Metrics rollup processes
The following diagram illustrates how Kloudfuse handles metrics, from life stream processing, to queries from dashboards and alerts. It describes the stages of ingestion, processing, calculation, storage, and query processing.
Metrics ingestion, processing, and storage
Refer to the upper part of the Metrics ingestion, processing, calculation, storage, and queries diagram that illustrates the rollup workflow. The numbers in light blue circles correspond to these steps:
-
Kloudfuse gets time series data from your environment, either through agents or from cloud sources.
-
The Ingester Service pre-processes the data stream, and routes it to Kafka as kf_metrics_topic.
-
Kafka handles the same data stream in two parallel processes:
-
Raw metrics
-
Rollup metrics
Kafka forwards the
kf_metrics_topicdirectly to Pinot.Kafka uses
kf_metrics_topicto extract rollup metrics:-
It sends kf_metrics_topic to the Metrics Transformer.
-
The Metrics Transformer creates
kf_metrics_rollup_topicto calculate aggregations and markers for each configured rollup resolution (by default: 5 min, 10 min, 30 min, 1 hour, and 4 hours), and sends it back to Kafka. -
Kafka forwards
kf_metrics_rollup_topicto Pinot.
-
-
Pinot handles the topics in the following manner:
-
Raw metrics
-
Rollup metrics
The Metrics Decoder receives
kf_metrics_topic, performs necessary calculations, and writes it to tablekf_metrics.The table columns are: name (of metric), timestamp, labels, value, and le.
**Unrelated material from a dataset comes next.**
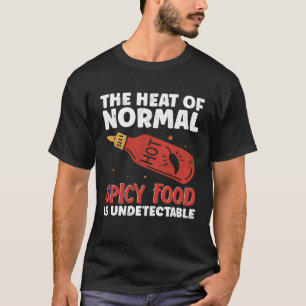 T-shirt Sauce chiliée chaude La chaleur des aliments épicé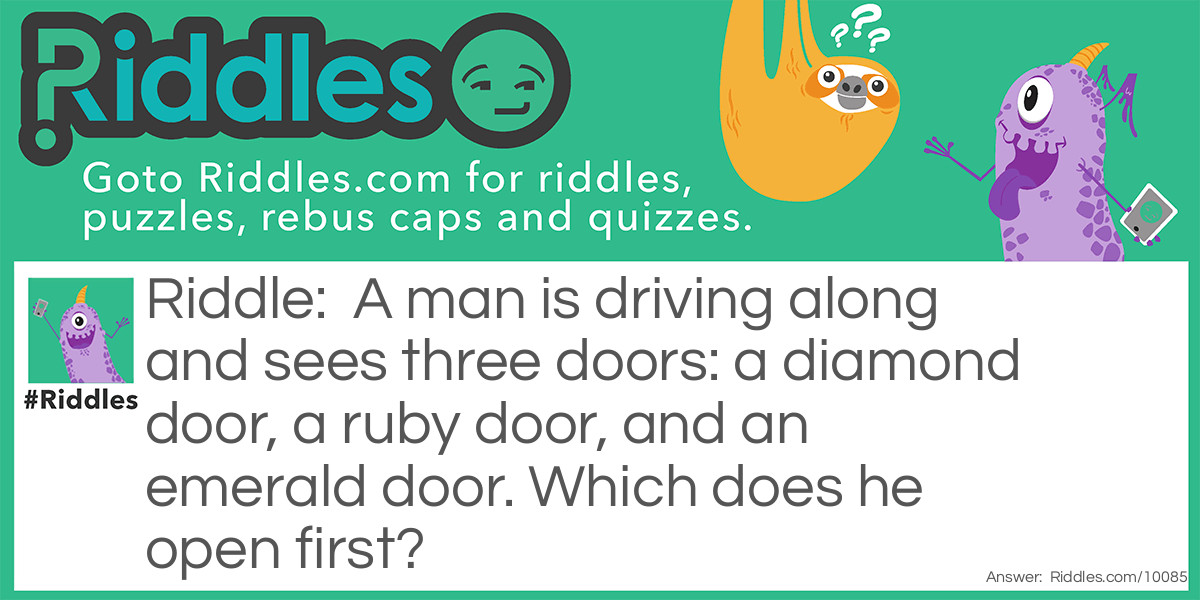 A man is driving along and sees three doors: a diamond door, a ruby door, and an emerald door. Which does he open first?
The Metrics Rollup Decoder receives the
kf_metrics_rollup_topic, performs necessary calculations and aggregations, and writes it to the tablekf_metrics_rollup.The table columns are name (of metric), timestamp, labels, sum, count, min, max, counter, first, first_ts, and le.
Kloudfuse calculates the aggregations sum, count, min, and max over the raw values in the other table.
Kloudfuse uses both counter (last counter value that accounts for resets within the rollup window), first (first value encounter in the bucket), and first_ts (timestamp of first) to ensure data integrity.
-
Metrics queries
Refer to the lower part of the diagram that illustrates the query workflow.
The numbers in the dark blue circles correspond to these steps:
-
Kloudfuse gets a query request from a user interface.
This may be triggered by starting the Metrics interface, loading dashboards, changing and reloading dashboards and reports, changing the time picker values, and so on.
-
The Query Service selects the most appropriate rollup resolution based on the query’s step size and time range. For queries with a small step size or short time range, it reads from the raw table. For longer time ranges, it selects a coarser rollup resolution to reduce the amount of data scanned.
-
The Query Service receives results from:
- Raw metrics
-
Table
kf_metrics
- Rollup metrics
-
Table
kf_metrics_rollupIf the query spans a time range where only part of the data has rollup coverage, the query service automatically splits the query — using the rollup table for the newer portion and the raw table for the older portion.
-
The Query Service combines the results and returns them to the requesting UI.